-OpEd-
SÃO PAULO — Any Catholic who has attended mass since Ash Wednesday will have noticed that the Church in Brazil is very concerned about the country’s environment.
For the second year in a row, the National Conference of Bishops of Brazil is using its annual pre-Easter fraternity campaign to sound alarm bells over the state of the planet and the destruction, in particular, of Brazil’s biomass. And with good reason: After leveling off between 2005 and 2010, the rate at which the rainforest is being destroyed has once again soared.
The relative respite in rainforest destruction served Dilma Rousseff (2011-2016) well in her first campaign for president, in 2010. Later though, when the numbers started telling a different story, she went so far as to prevent the National Institute For Space Research, or INPE, from publishing its deforestation data. Rousseff won reelection in 2014 but was impeached and removed from office in 2016. To this day, no one has been punished for the forced omission of official statistics.

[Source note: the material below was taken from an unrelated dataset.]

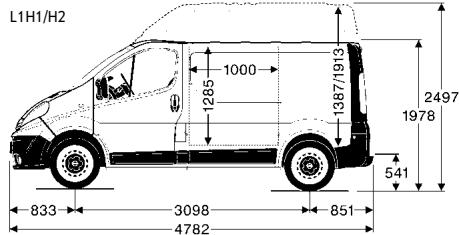 OPEL VIVARO - Opel vivaro fourgon - 1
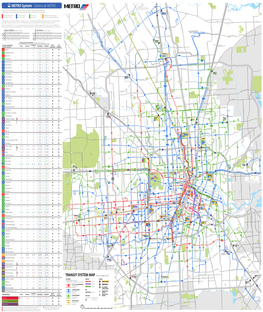 Download METRO System Map PDF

As I’ve written in several articles over the past six years, journalists have consistently failed to convey the urgency of the threat. With all eyes are turned to and focused on the so-called “Operation Car Wash” corruption probe, Brazil’s agribusiness continues to ruin our most precious natural heritage “like never before in the history of this country.”

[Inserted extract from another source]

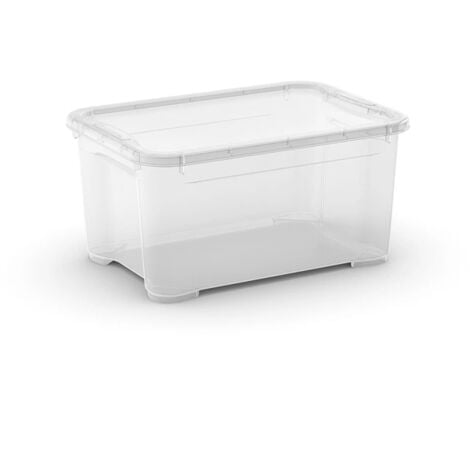 KIS con coperchio trasparente "tbox xs" in plastica 38,4x26,8x18,9 cm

In past centuries, human incursion into the Amazon did of course hurt the environment. But because of its size, the rainforest still showed signs of resilience. Over the past few years, however, the Amazon’s climate system is showing signs of failure, as INPE scientist Antonio Nobre warned in one of his most important research papers, published in 2014. By then, more than 40% of the Amazon rainforest had already been irreversibly destroyed.
Among other things, the rainforest’s capacity for retaining water and distributing it through the air in the form of rain has been seriously hampered. That explains the unprecedented drought episodes in the region, in 2005 and 2010. Also under threat are the so-called “flying rivers,” air currents that carry precipitation to Brazil’s southeast. This is what caused the long-lasting water shortage crisis that part of the country has been facing for many years and will continue to face.
Industrial-scale farming is only part of the problem. Huge infrastructure projects pushed through by Rousseff and her predecessor, Luiz Inácio Lula da Silva (2003-2011), are also to blame. The massive Belo Monte hydroelectric complex, under construction since 2011, is the most obvious example. But there are many others. Dozens of other dams are also being planned.
The result of all this is clear to see in the official figures: The rainforest has already lost an area equivalent to five times the size of São Paulo, one of the world’s largest and sprawling cities. And the curve is pointing upwards, with rainforest destruction advancing faster now than at any point since 2000.
The INPE reports also make it clear that the only areas resisting the devastation are those inhabited by indigenous tribes. But that could soon change. Current President Michel Temer, after all, named a justice minister who — besides criticizing the anti-corruption investigation — attacked the rights of the indigenous peoples he’s supposed to be protecting.
Given how the press, the public and politicians have so clearly failed to revert this suicidal destruction, it’s little wonder that the Church is trying to do something, anything to help. What’s at stake is nothing less than the fate of Brazil, and of the world as a whole — God’s miraculous creation, in the eyes of the Church.